А вот как смотрели на нас капитаны парагвайского бизнеса. Одним из первых посетил Москву председатель влиятельной Федерации производства, промышленности и торговли (FPIC) Алирио Угарте Диас. Мы встретились с ним незадолго до его отъезда в длительную турпоездку в Старый свет. Первой остановкой у него была олимпийская Италия, последней - Москва.


- Дожидаться открытия дипотношений для наведения мостов между Парагваем и Россией означает впустую тратить время, - сказал он мне. - Уже сейчас мы внимательно изучаем опыт торговых отношений наших соседей по континенту с Москвой, структуру их импорта и экспорта. Уверен, что мы могли бы сотрудничать во многих областях. Мы знаем, что с вами можно торговать, уверен, что с вами нужно торговать, и что эта торговля будет очень выгодной для обеих сторон.

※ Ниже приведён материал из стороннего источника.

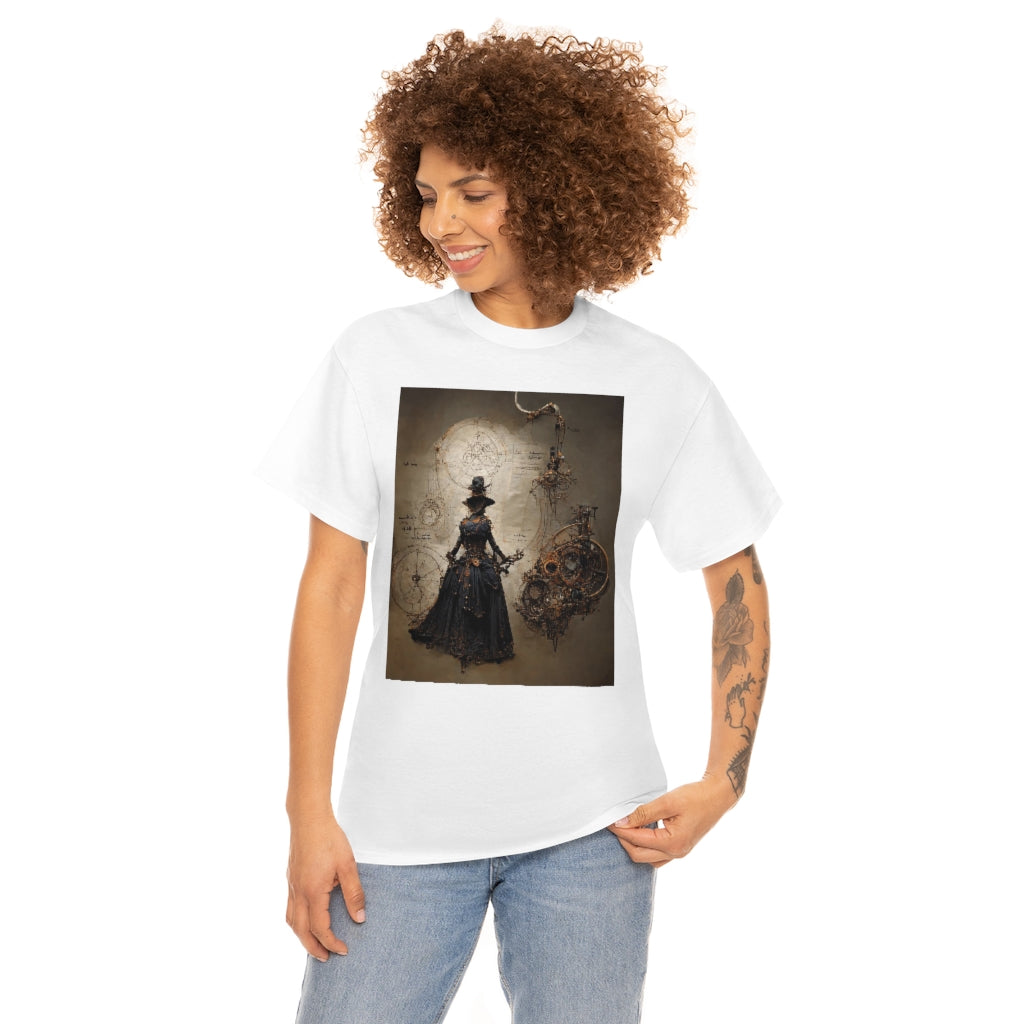 a_blueprint_of_a_steampunk_witch_concept_art - Unisex Heavy Cotton Tee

- "Представление" наших стран друг другу непростительно затягивается, - сказал, в свою очередь, заместитель председателя Парагвайского промышленного союза Рубен Дарио Фадлала. - Нам надо начать оказывать сильное давление на правительства, чтобы они как можно скорее убрали все препятствия, мешающие налаживанию торговли между нами. А если они замешкаются, то мы, предприниматели, сами найдем формы и способы установить прямые контакты между собой и начать взаимовыгодное сотрудничество.


Это не были отдельные мнения отдельных, пусть даже наиболее продвинутых, предпринимателей. То же самое я слышал от многих их коллег, присутствовавших на очередном собрании FPIC, где по просьбе дона Алирио мне довелось выступить с рассказом об общем положении в нашей стране и о переменах, происходящих в интересующей их сфере.


Сегодня, по прошествии полутора десятка лет, нелишне подвести итоги тем оптимистическим порывам. Хотелось бы привести многозначные цифры роста, обмена, развития и тому подобное. Но, увы, этого не произошло. Все "громадье" этих планов разрушилось сразу же после развала СССР и выхода на арену новых российских предпринимателей, которые стремились к сиюминутной выгоде, вынюхивали, где бы побольше да подешевле урвать, и нисколько не заботились о строительстве долговременного, стабильного товарообмена. Полную беспомощность проявило и российское торгпредство в Аргентине, курировавшее заодно и Парагвай.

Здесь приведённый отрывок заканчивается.